• Your goal: If pictures appear in the lines below, skip them and copy exactly the lines from the one containing "Mathieu van der" through the one containing "601 NE 1st Ave # 4907, Miami FL 33132 — 2", and nothing else.

• Exercise materials:
★ ★ ★ ★ ★

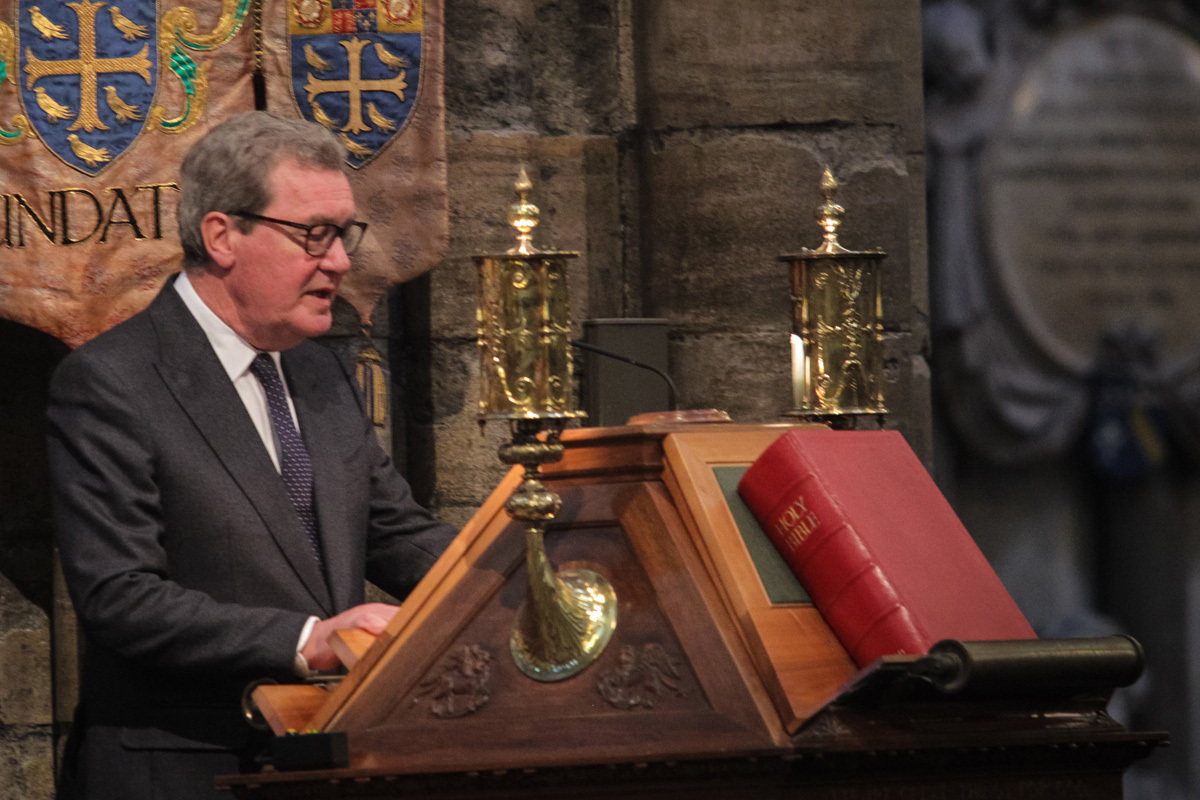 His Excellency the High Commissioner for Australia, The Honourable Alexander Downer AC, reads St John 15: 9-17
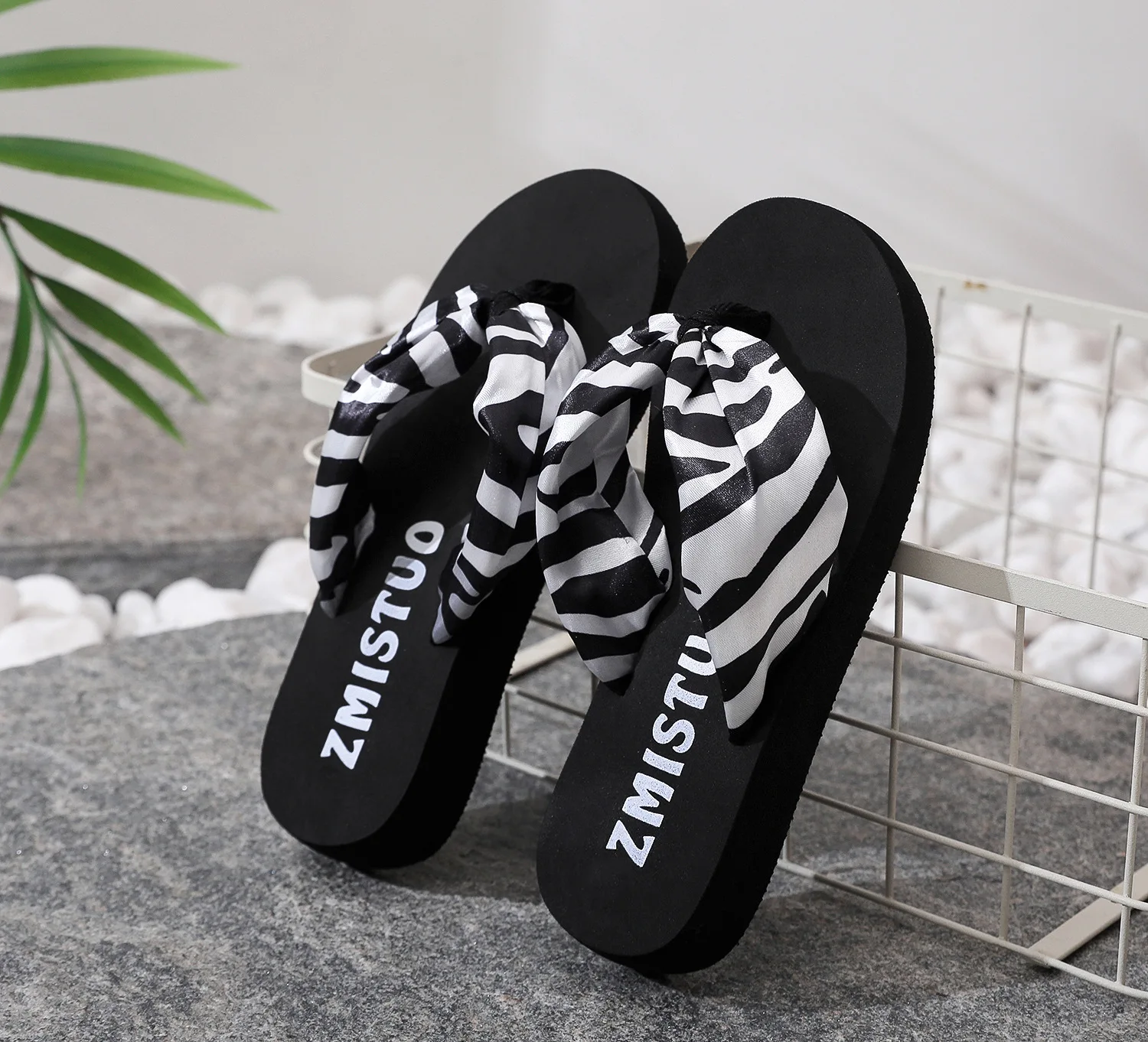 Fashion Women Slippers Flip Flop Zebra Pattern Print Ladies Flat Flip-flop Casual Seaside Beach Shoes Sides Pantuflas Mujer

★ ★ ★ ★ ★

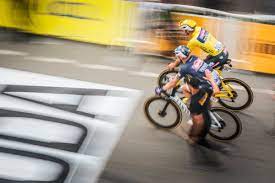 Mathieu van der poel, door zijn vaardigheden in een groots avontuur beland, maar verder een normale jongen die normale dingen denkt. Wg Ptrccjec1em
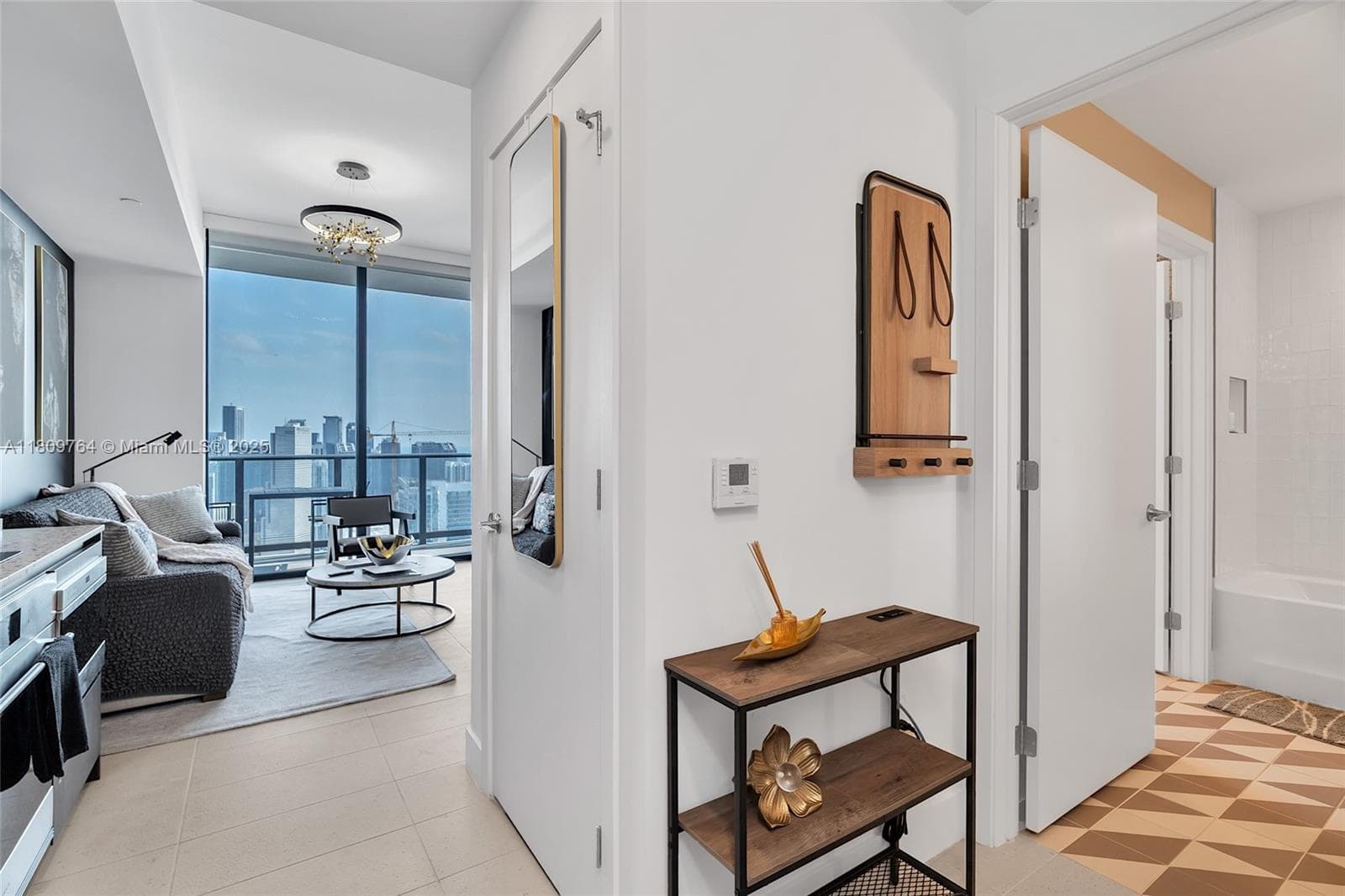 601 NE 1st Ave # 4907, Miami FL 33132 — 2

★ ★ ★ ★ ★

• Finished exercise:
 Mathieu van der poel, door zijn vaardigheden in een groots avontuur beland, maar verder een normale jongen die normale dingen denkt. Wg Ptrccjec1em
 601 NE 1st Ave # 4907, Miami FL 33132 — 2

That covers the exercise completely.